In business, companies may observe that 80% of profit comes from 20% of customers. It’s likely that 80% of complaints come from 20% of clients and 80% of sales are achieved by 20% of the sales force.

The 80/20 rule shows that dramatic improvements can be made when you understand what’s responsible for most of your results.

This can be challenging because sometimes what’s most important gets buried under an avalanche of what’s unimportant. High achievers have a talent for being able to separate the two, no matter if we’re talking about improving your health, relationships, career, or finances.

Successful people know what’s essential and act on what matters sooner rather than later. Less successful people typically also know what they should be doing, but don’t do it. They make excuses, procrastinate, or just hope that everything will turn out okay.

So what I’m recommending is that you identify One Money Objective that’s most important to you, so you can live it with gusto, passion, and clarity. Dig deep to uncover what financial activity or concept drives you and gets the results you want more than anything else.

Your One Money Objective may remain constant for your entire life, or it could be a “word of the year” that captures your aspiration and motivation right now and then is re-evaluated in 12 months.

How to Choose Your One Money Objective

My One Money Objective has always been “retirement,” and I’m thankful that my husband shares my resolve. I’m passionate about investing enough for retirement so I’ll always be able to maintain my lifestyle if I can’t work or want to work less.

Being clear about that objective helps us focus every financial decision. If making a change—like buying a bigger home or borrowing money to start a new business—would jeopardize our ability to fully invest for retirement, we don’t do it.

We fund our retirement accounts first and choose to live in a smaller place, drive less expensive cars, and spend less on vacations than we could afford. We just don’t even think about spending money that’s earmarked for retirement because it’s our number one financial objective.

Your One Money Objective might be family, charity, or self-employment. A good way to narrow it down is to consider what’s causing any financial stress that you may be feeling right now. If your finances aren’t supporting your core values, it can show up as anxiety, worry, and despair.

Another way to recognize your One Money Objective is to acknowledge what’s most important to you. What would make you happy to achieve even if money were no object? Maybe it’s putting your kids through college or starting a charitable foundation. There isn’t a right or wrong answer.

Once you choose One Money Objective you can use it as a guide when you’re not sure what to do. For instance, if you’re wondering if you should raid your 401k to pay off credit cards, ask yourself if doing that supports or defeats your objective. If you’re considering starting a side business or going back to school, consider if it moves you closer to or farther away from your key financial objective.

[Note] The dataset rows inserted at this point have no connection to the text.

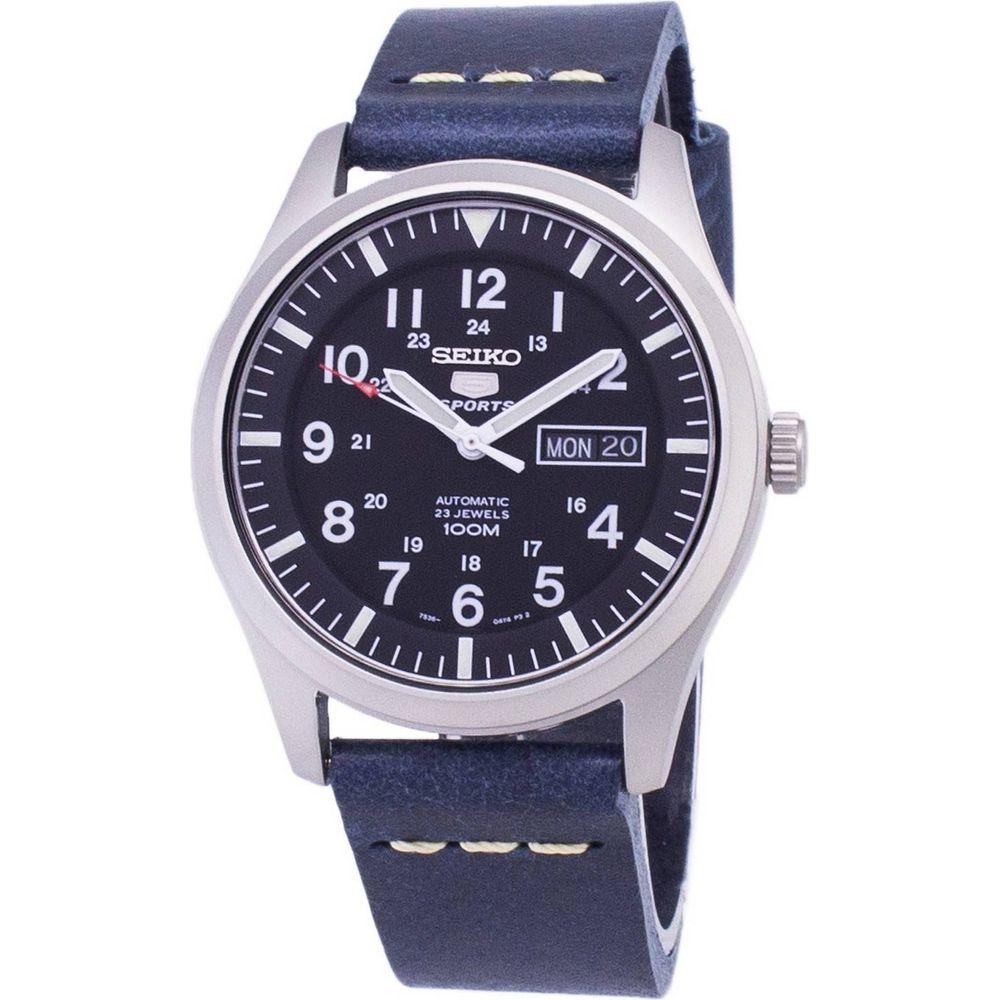 Seiko 5 Sports SNZG15K1-var-LS15 Automatic Dark Blue Leather Strap Men's Watch - Watch Strap Replacement in Dark Blue for Men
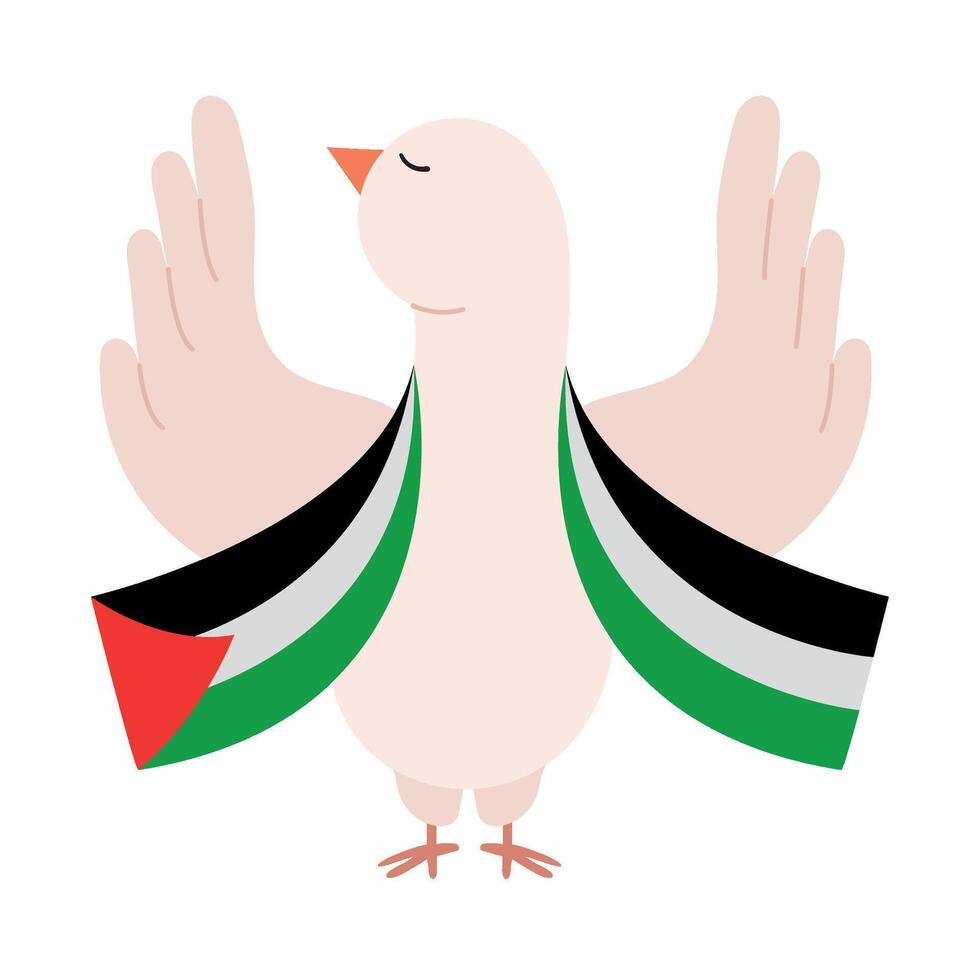 palestine peace dove flag illustration design vector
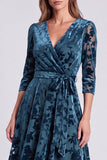 A-line Olive Velvet Velvet Midi Floral Dress Dress i paskiem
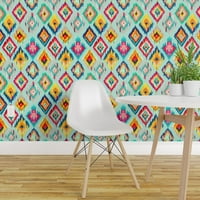 Swatch Wallpaper Swatch - Ikat Aqua Painting Mint Colorful Резюме синьо бохемски модерен жизнен геометричен художник традиционен тапет от спон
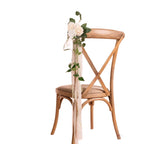 Fleur artificielle pour mariage, brin unique avec roses et eucalyptus, décoration de chaise ou rideau, 30 cm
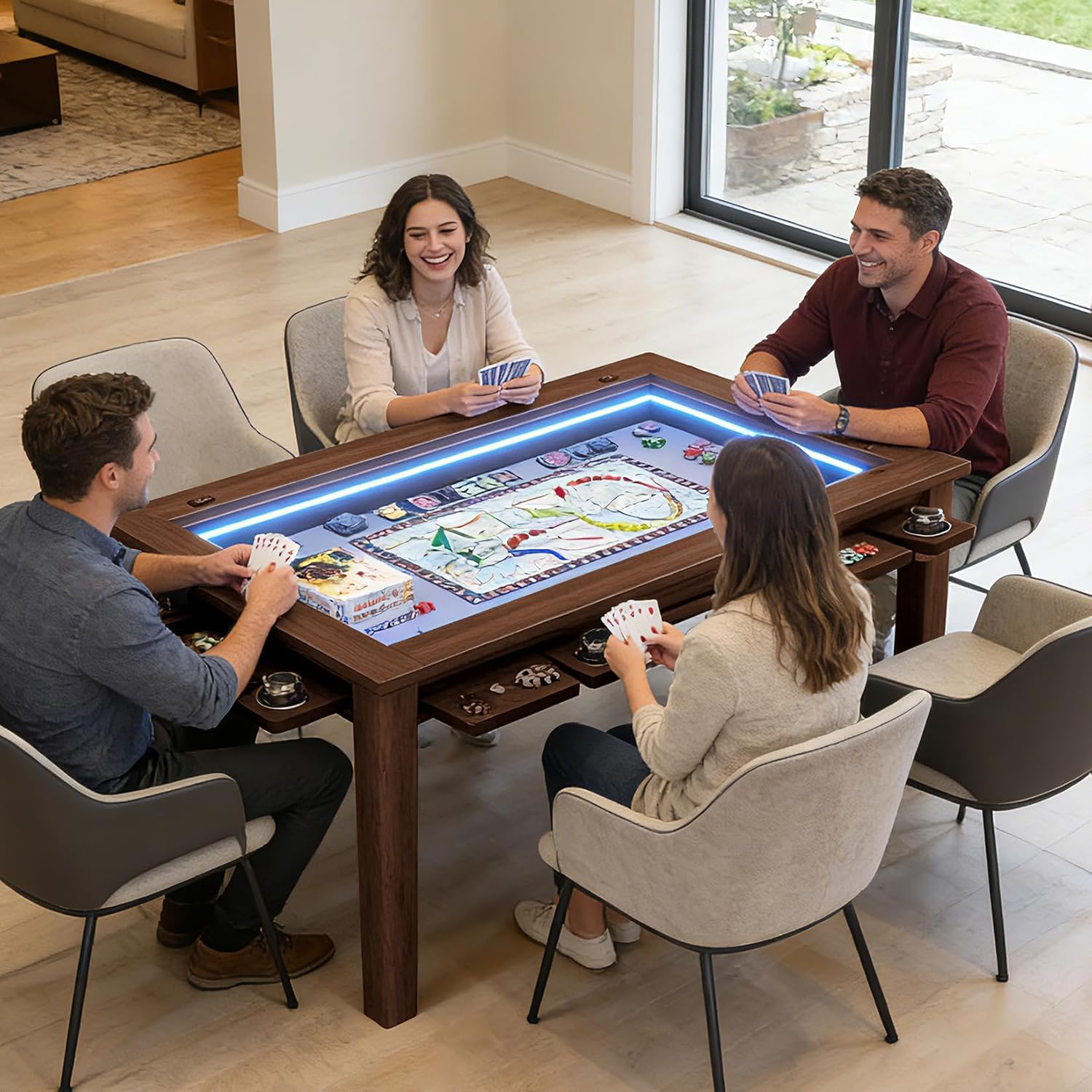 Haddockway Board Game Table with Adjustable Led Lights, 53.7in x 30.7in Play Area Removable Table Top Dining/Gaming Table with Charge Station, Play Mat, 6 Cup Holders & Trays (Black Walnut)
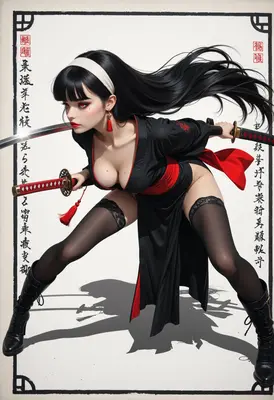 Dual Katana Wielding Crimson Eyed Warrior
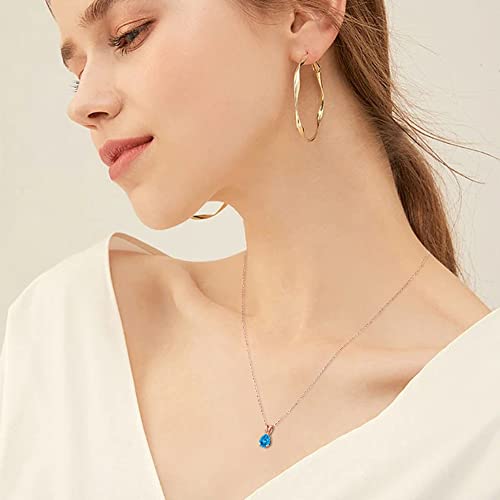 Birthstone Necklace For Women Girl, Teardrop Necklaces For Teen Girls Blue Topaz Necklace For Women Blue Necklace Blue Birthstone Necklaces Blue Birthstone Jewelry For Women Birthday Gifts For Teen Girls #TOP1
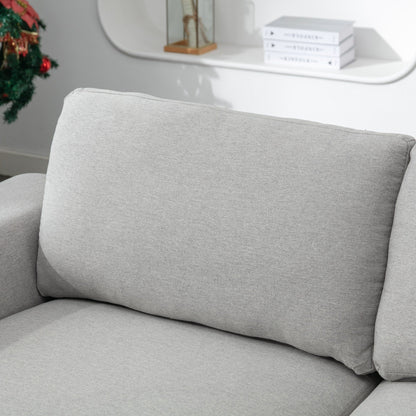 Canapé causeuse en tissu de 74,8 po avec coussins amovibles, pieds en métal et accoudoirs carrés contemporains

If you’re like me and value retirement above all goals, then you never, ever tap your retirement account for any reason. If you’ve accumulated high-interest debt that you need to pay down, get aggressive about tackling it by earning more and cutting expenses without sacrificing your retirement funds.

To increase your likelihood of success, pick One Money Objective that’s most important to you and pursue it with a vengeance. To stay motivated, I recommend creating visible triggers that remind you what you want to accomplish every day. Place strategic cues in your home, car, and workplace that spark your attention and foster good habits.

For instance, you could write your One Money Objective on an index card that stays in your wallet. Jot it down on a sticky note that stays on your credit cards, bathroom mirror, car dashboard, and computer monitor at work.

Another strategy is to start each morning with a journal entry about why your objective is so important, what you’ll do today to accomplish it, and what it ultimately means for you and your family’s future. The Five-Minute Journal book or app to is a great tool to shift your focus to what’s most important and fool proof your commitment so you eliminate what stands between you and your money goals.